- **TASK STATEMENT**: Could you set down the listing below exactly and omit its images?

(COLLECTED DATA)

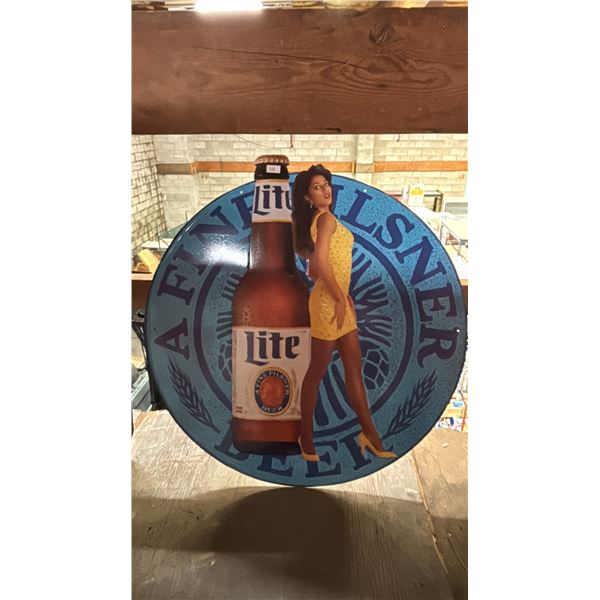 VINTAGE LITE TIN SIGN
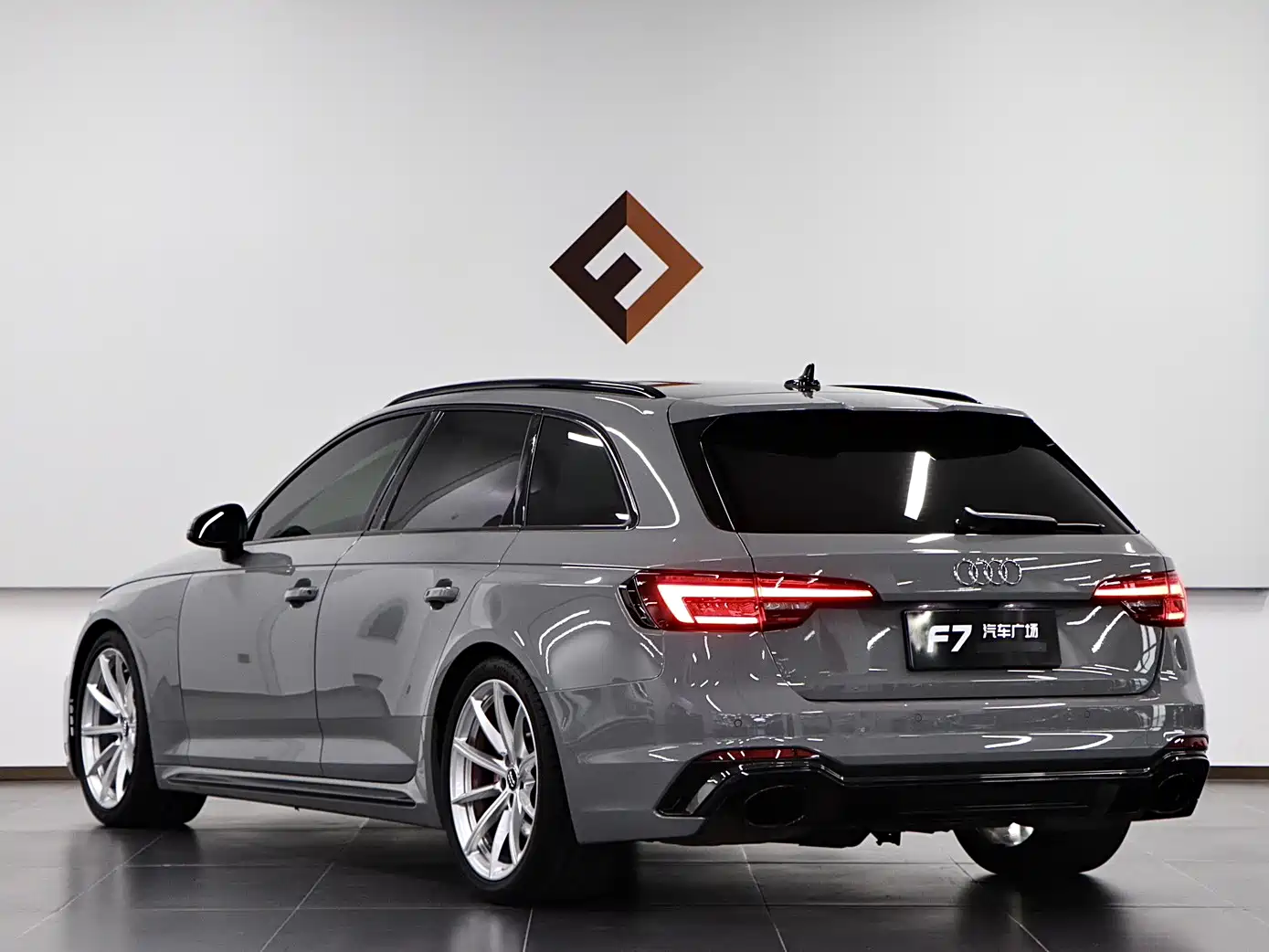 Audi RS 4 2019 RS 4 2.9T Avant фото 4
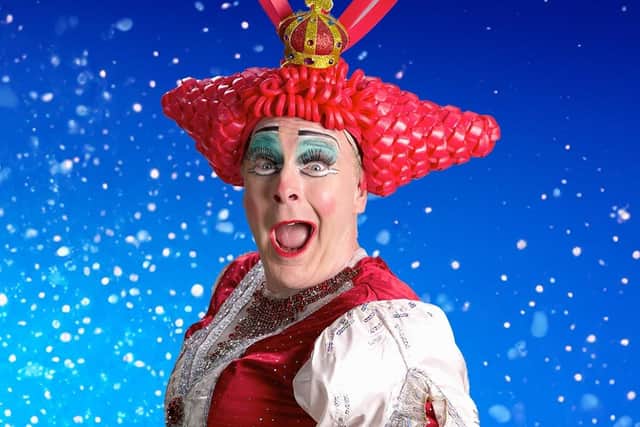 Ross joins Worthing panto once again (contributed pic)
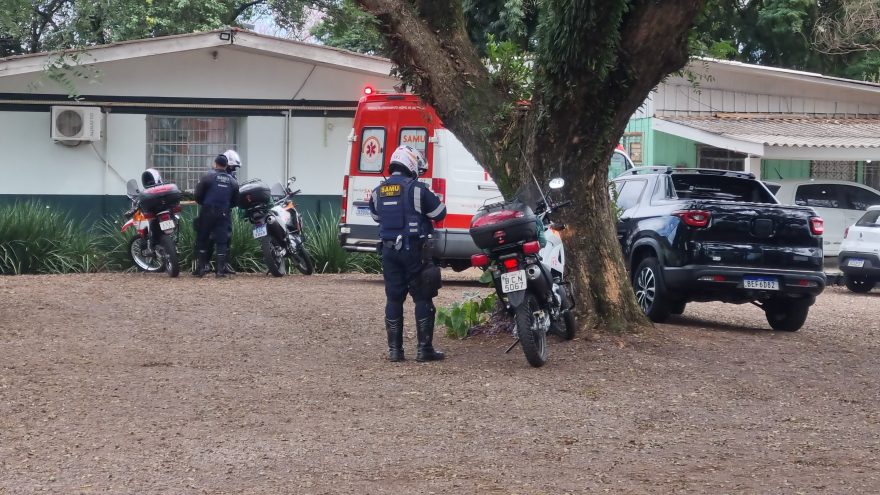 Alunos são socorridos pelo Samu após cigarro eletrônico explodir no Colégio Estadual Castelo Branco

(End COLLECTED DATA)

- **YOUR RESPONSE**:
 VINTAGE LITE TIN SIGN
 Audi RS 4 2019 RS 4 2.9T Avant фото 4
 Ross joins Worthing panto once again (contributed pic)
 Alunos são socorridos pelo Samu após cigarro eletrônico explodir no Colégio Estadual Castelo Branco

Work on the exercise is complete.